So you want to develop young players who are not ready to play in the NBA now, only to ultimately have to match a restricted offer sheet just to "keep them under your control" when they are ready? This is why Danny took Olynyk and why he had Draymond Green in for two workouts. This is not a Utah Jazz rebuilding plan, I guarantee you.
When you're selecting outside of the top 10, you go for the safe pick -- the guy you think has the best chance of simply being an NBA player.
Selecting in the high lottery is a different story. That's where most of the very best players are drafted, and a well run franchise will not have many opportunities to select high. In that range, you swing for the fences.
You don't build an extremely talented roster by making all safe picks.
I would say it is the other way around. You are correct that there may not be many opportunities to draft high. That is why making that high pick pay off sooner rather than later is so important. Outside the high lottery is where you swing for the fence. If it does not work, than you will have another try next year.
Being a more NBA ready draftee is mutually exclusive from having upside in IMO.
You wrote: "You don't build an extremely talented roster by making all safe picks."
I would counter that and say you do win a NBA championship by developing a lot of 18 year olds, unless LeBron is sitting there.
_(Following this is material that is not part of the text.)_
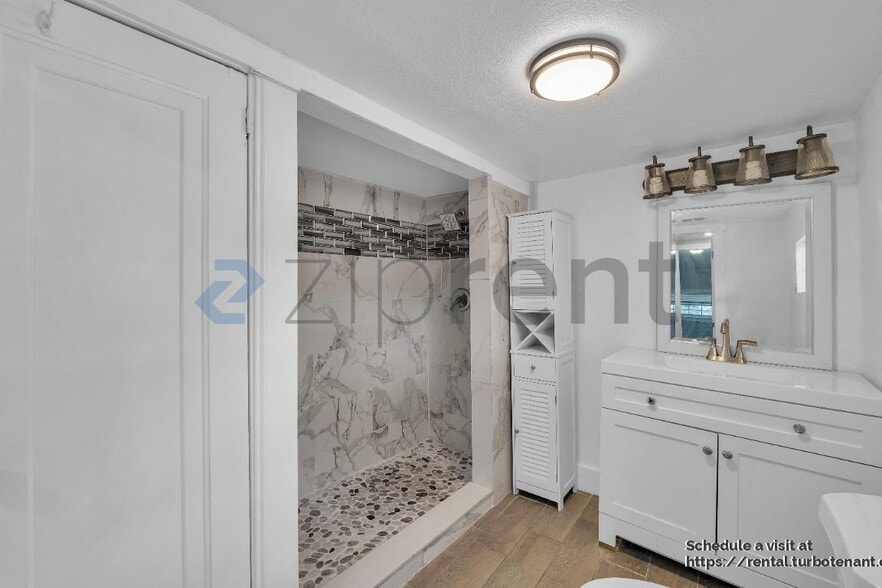 Building Photo - 9402 N 16th St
Also, why cannot a "safe pick" also be extremely talented? Did Detroit not make a mistake by swinging for the fences and taking KCP over Trey Burke? Does this somehow mean that Trey Burke cannot ever be "extremely talented", because he was a safer more NBA ready player?
Danny has had a couple of high picks. Did he shoot for fence as you say and take young upside players like Brandon Roy or Jeff Green? No, he made sure the high picks paid off and both high pick assets generated sure things like Ray Allen and much needed cap space that led to acquiring players who were NBA ready.
Draft strategy however is not my point. I choose not go by draft boards and the hype and prefer to judge players on what they do, as opposed how many magazine covers they are on or how highly they are "rated" by mock drafts.